La cocaína regresa a Colombia

El crecimiento de la producción de narcóticos amenaza la estabilidad del país andino y multiplica la llegada de cocaína a EE UU y Europa.

El pasado 25 de abril, la policía española interceptó el mayor alijo de cocaína en la historia del país cuando se incautó de un contenedor que ocultaba 8,7 toneladas de esta droga en el puerto de Algeciras. Con esta operación, el alcaloide confiscado en esa región andaluza durante los primeros cuatro meses de 2018 suma una cantidad similar a la que se aprehendió en todo 2017. En otras palabras, Algeciras y su periferia están recibiendo tres veces más cocaína este año que el anterior. Esta tendencia al alza no es exclusiva de España. A finales de enero, las autoridades británicas descubrieron a bordo de un avión Bombardier Global Express 500 kilogramos de cocaína, un alijo de tamaño considerable para Reino Unido. La creciente facilidad de acceso a esta droga ha levantado alarmas también en Estados Unidos. En su último informe (International Narcotics Control Strategy Report), el Departamento de Estado subraya que hay señales de que “la disponibilidad y el uso de cocaína está en ascenso en Estados Unidos por primera vez en casi una década”.

La causa de esta resurrección de la cocaína se encuentra en Colombia, donde se ha producido un vertiginoso aumento de la producción. En 2012 se calculaba que la superficie cubierta por cultivos de coca en el país andino se situaba en 78.000 hectáreas, capaces de producir 165 toneladas. En 2016, el Departamento de Estado estadounidense registró un radical incremento de esa superficie, hasta las 188.000 hectáreas, con una capacidad de producción de 720 toneladas (véase gráfico).

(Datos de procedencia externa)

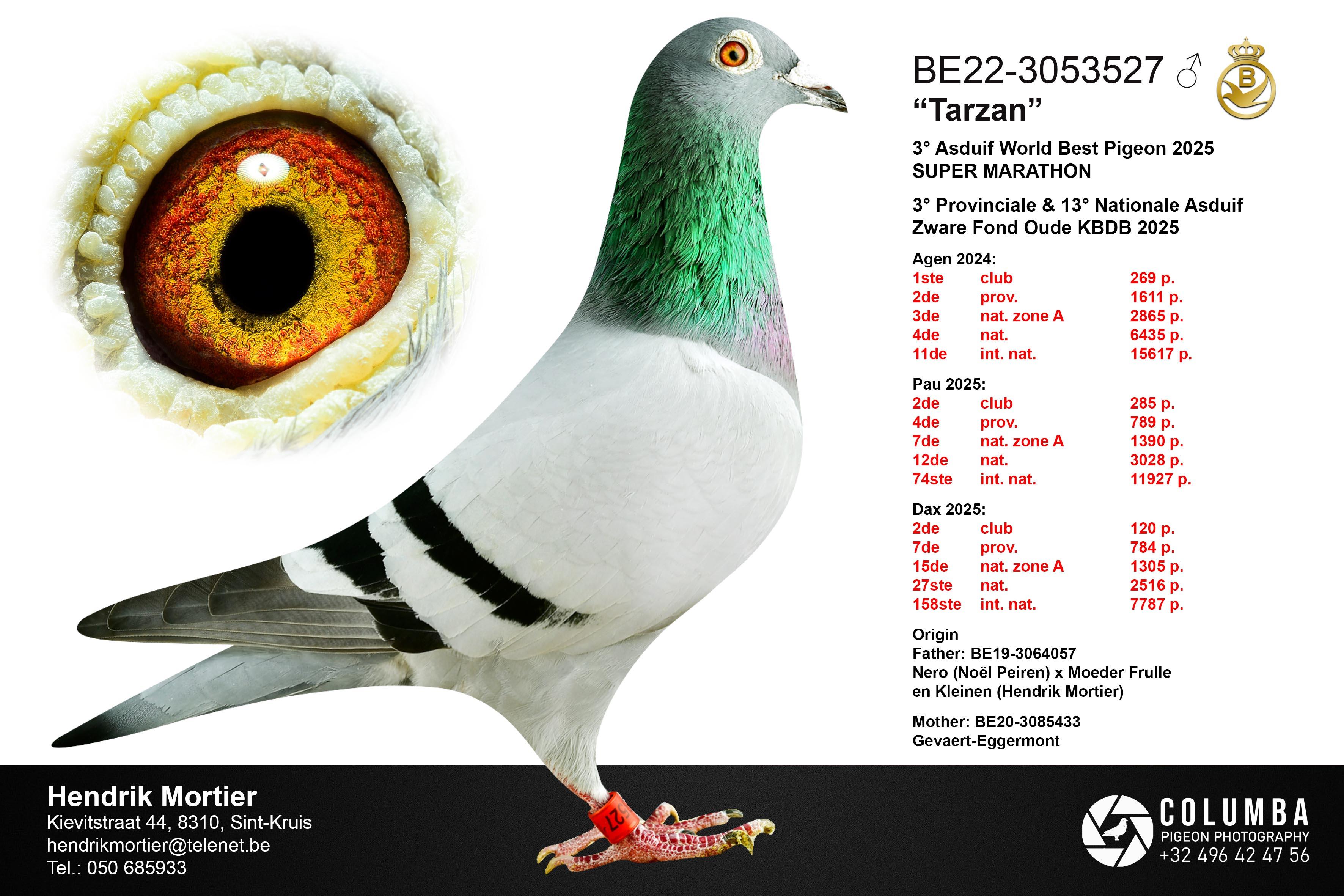 Pedigree van Mortier Hendrik  , St Kruis - Jonge duif van 2026 te kiezen uit de kwekers in augustus / september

Aunque todavía no se han hecho públicas las cifras para 2017, algunas fuentes dan por seguro que se situarán en torno a 230.000 hectáreas, lo que elevaría la producción de cocaína hasta las 900 toneladas. Si estas predicciones se confirman, se trataría de una cifra récord.
Las causas de la crisis

Hay dos preguntas imprescindibles. Por un lado, ¿cómo se ha llegado a esta situación cuando hace pocos años el narcotráfico parecía controlado en Colombia? Por otra parte, ¿cuáles pueden ser las consecuencias de este boom de la cocaína? Para responder a la primera cuestión, es necesario retrotraerse a la decisión del Gobierno de Bogotá de suspender la fumigación aérea de los cultivos de coca en 2015. Hasta ese momento, la aspersión había sido la piedra angular de la estrategia antinarcóticos colombiana. De hecho, había demostrado ser la forma más barata y efectiva de eliminar las plantaciones de coca, un enorme esfuerzo que obligaba a erradicar varias veces una misma parcela, ya que los cultivadores volvían a sembrar una y otra vez las parcelas destruidas. Además, la fumigación forzaba a los cocaleros a utilizar campos más pequeños en zonas remotas, lo que hacía el negocio más complejo y menos rentable.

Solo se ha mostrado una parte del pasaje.